→ Task statement:
A faithful copy of all the entries is required, with no pictures in it.

Captioned web images:
-- -- --

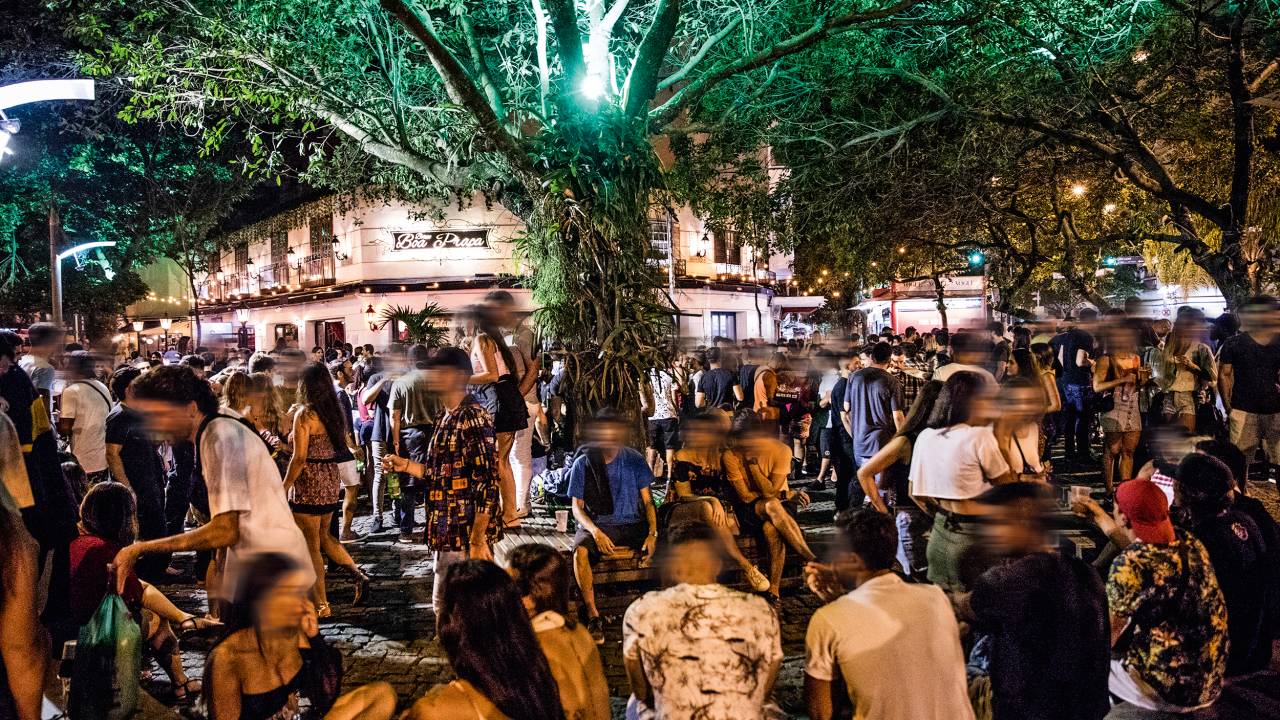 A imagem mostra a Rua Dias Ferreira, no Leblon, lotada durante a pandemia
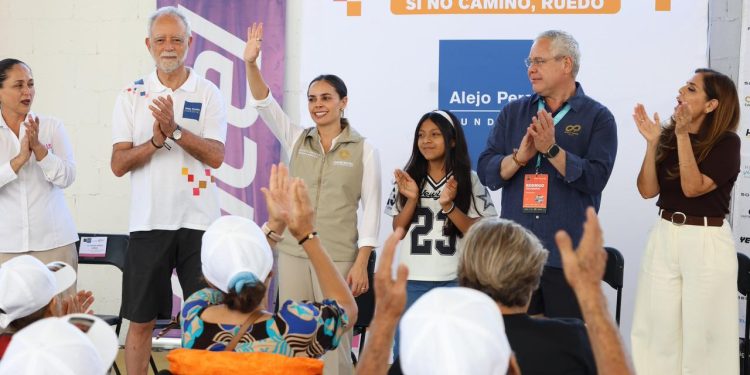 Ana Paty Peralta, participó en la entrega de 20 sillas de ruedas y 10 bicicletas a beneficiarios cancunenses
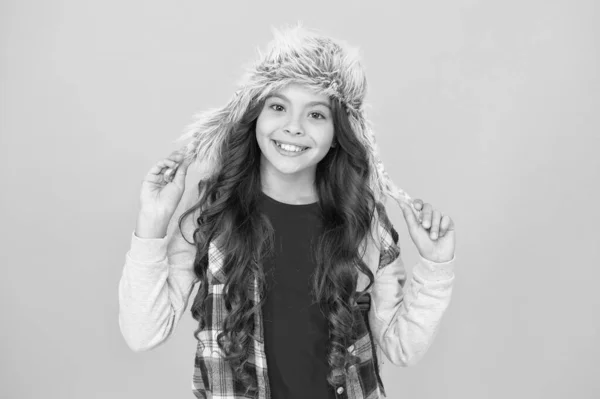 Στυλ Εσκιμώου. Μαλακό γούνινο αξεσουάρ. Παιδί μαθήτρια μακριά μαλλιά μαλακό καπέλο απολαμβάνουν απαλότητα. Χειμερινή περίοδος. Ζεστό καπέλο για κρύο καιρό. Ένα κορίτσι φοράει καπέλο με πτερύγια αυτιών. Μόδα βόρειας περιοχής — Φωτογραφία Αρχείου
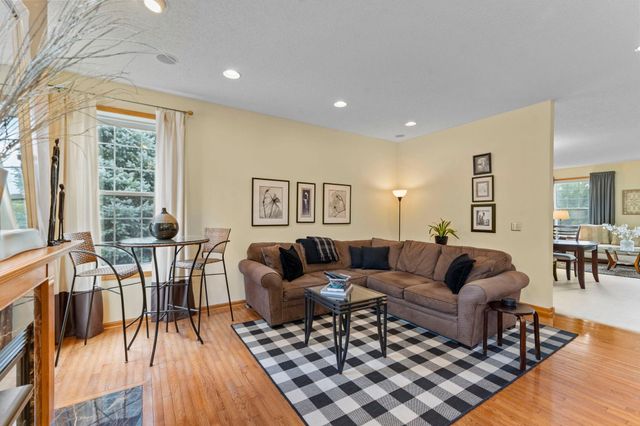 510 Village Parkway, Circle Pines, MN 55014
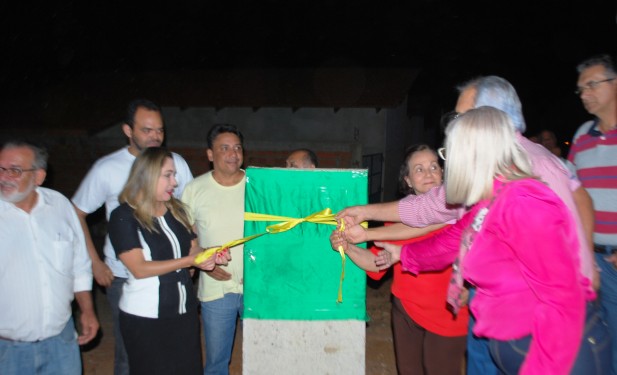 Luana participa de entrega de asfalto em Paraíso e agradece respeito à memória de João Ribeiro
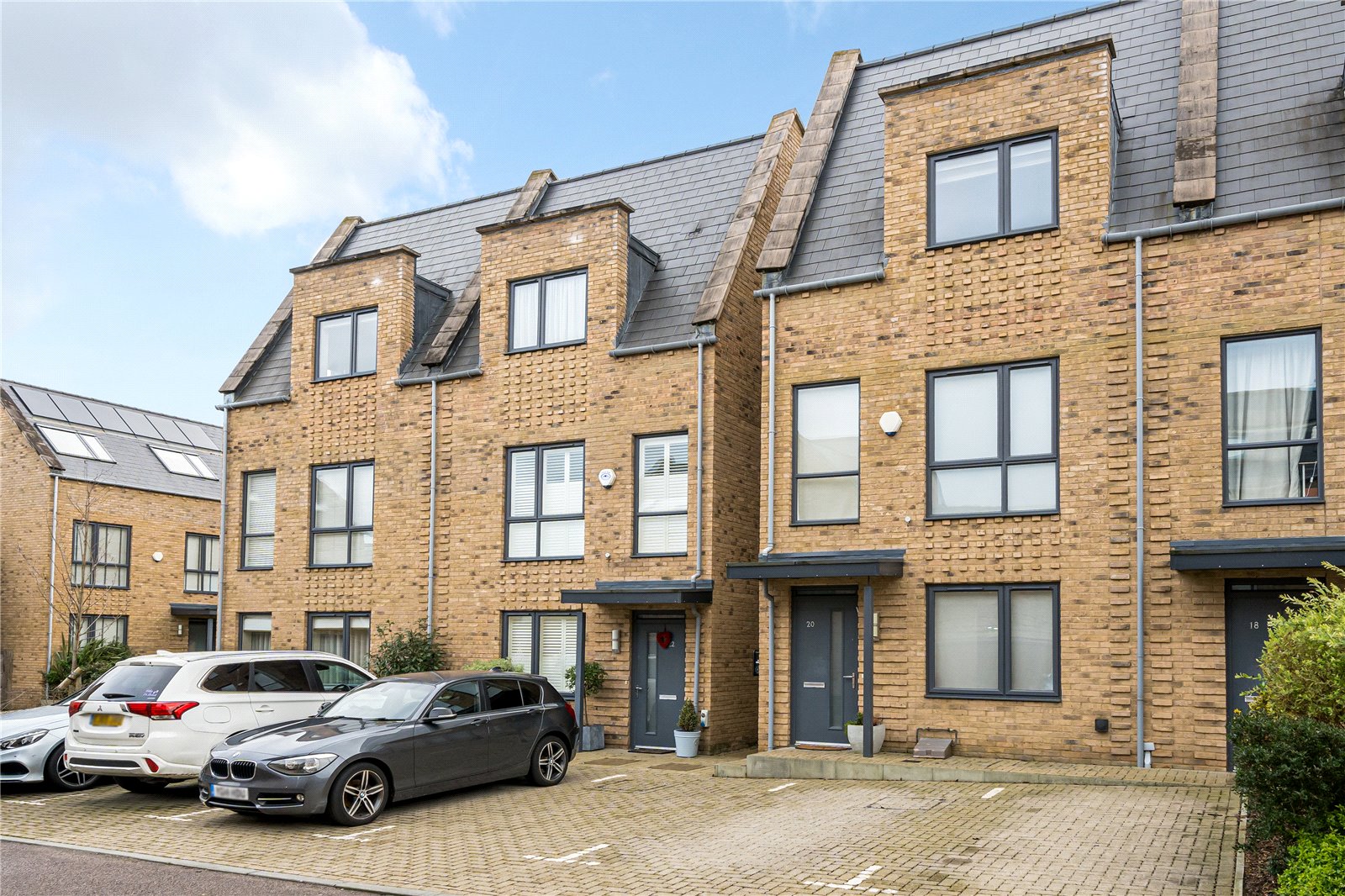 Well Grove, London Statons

-- -- --

→ Finished task:
 A imagem mostra a Rua Dias Ferreira, no Leblon, lotada durante a pandemia
 Ana Paty Peralta, participó en la entrega de 20 sillas de ruedas y 10 bicicletas a beneficiarios cancunenses
 Στυλ Εσκιμώου. Μαλακό γούνινο αξεσουάρ. Παιδί μαθήτρια μακριά μαλλιά μαλακό καπέλο απολαμβάνουν απαλότητα. Χειμερινή περίοδος. Ζεστό καπέλο για κρύο καιρό. Ένα κορίτσι φοράει καπέλο με πτερύγια αυτιών. Μόδα βόρειας περιοχής — Φωτογραφία Αρχείου
 510 Village Parkway, Circle Pines, MN 55014
 Luana participa de entrega de asfalto em Paraíso e agradece respeito à memória de João Ribeiro
 Well Grove, London Statons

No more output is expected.